Opinion ID: 71523
Heading Depth: 1
Heading Rank: 5

Heading: Request for a Stay and Abeyance to Pursue an IAC Claim in Texas State Court

Text: Alternatively, Williams also asserts that the district court should have granted a stay and abeyance so that he could exhaust his available remedies in Texas state court. We review the district court's denial of a stay and abeyance for abuse of discretion. See Evans v. Cain, 577 F.3d 620, 623 (5th Cir.2009). When a petitioner brings an unexhausted claim in federal court, stay and abeyance is appropriate when the district court finds that there was good cause for the failure to exhaust the claim; the claim is not plainly meritless; and there is no indication that the failure was for purposes of delay. Rhines v. Weber, 544 U.S. 269, 277-78, 125 S.Ct. 1528, 161 L.Ed.2d 440 (2005). Because a stay and abeyance has the potential to frustrate[] AEDPA's objective of encouraging finality and AEDPA's goal of streamlining federal habeas proceedings, the Supreme Court has stated that stay and abeyance should be available only in limited circumstances.

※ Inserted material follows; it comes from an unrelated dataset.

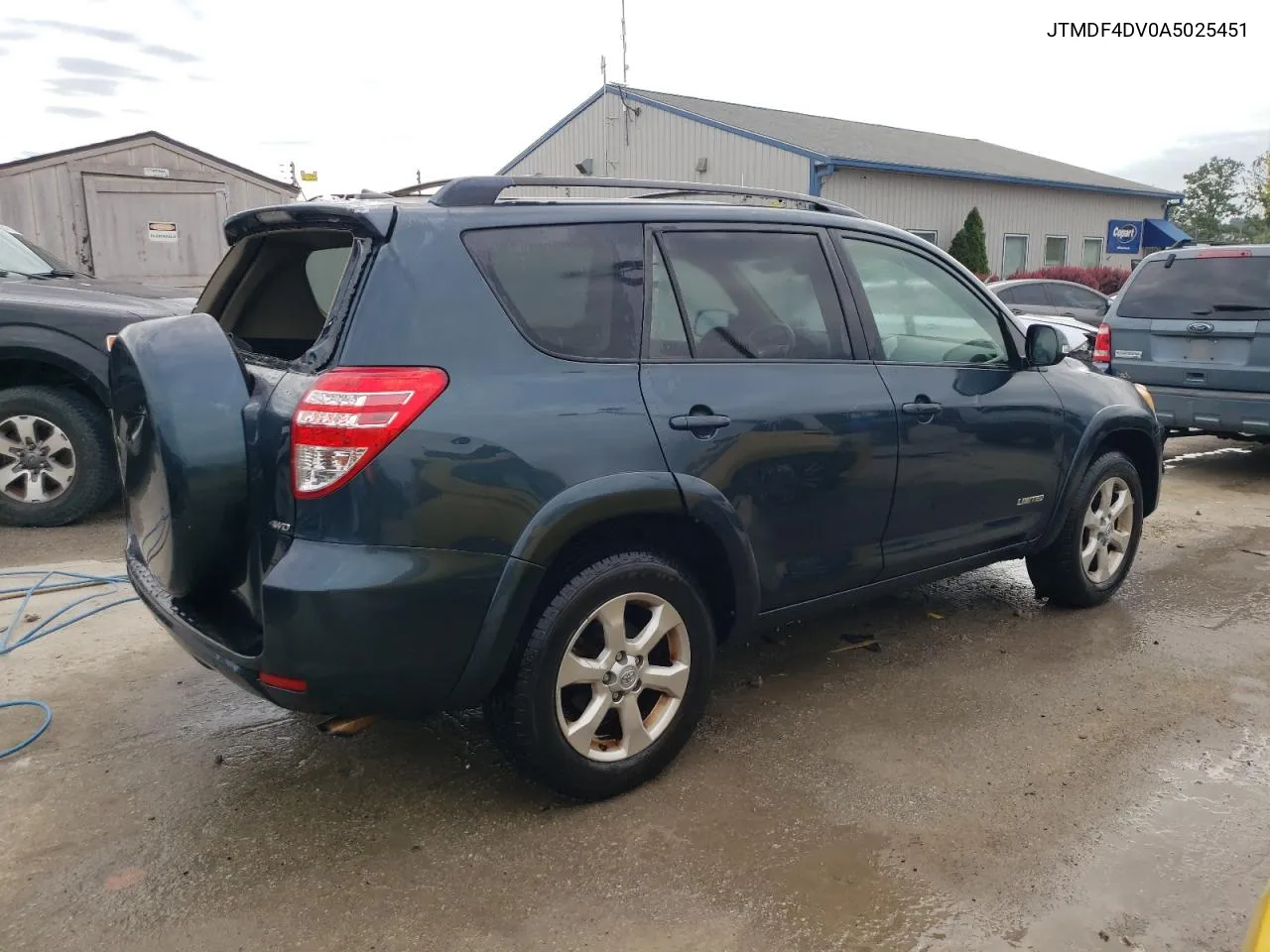 2010 Toyota Rav4 Limited VIN: JTMDF4DV0A5025451 Lot: 65190434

Id. at 277, 125 S.Ct. 1528. Williams has not demonstrated that the district court abused its discretion. Williams offers his alleged actual innocence and the conflict under which his state habeas counsel labored as the good cause for his failure to exhaust his IAC claim in state court, but as discussed above, neither suffices. Additionally, we have held that when a petitioner is procedurally barred from raising [his] claims in state court, his unexhausted claims are `plainly meritless.' Neville v. Dretke, 423 F.3d 474, 480 (5th Cir.2005). Because the district court appropriately characterized Williams's IAC claim as procedurally defaulted, reasonable jurists would not debate that the district court did not abuse its discretion when it denied Williams's request for a stay and abeyance, and we therefore decline to issue a COA on this issue.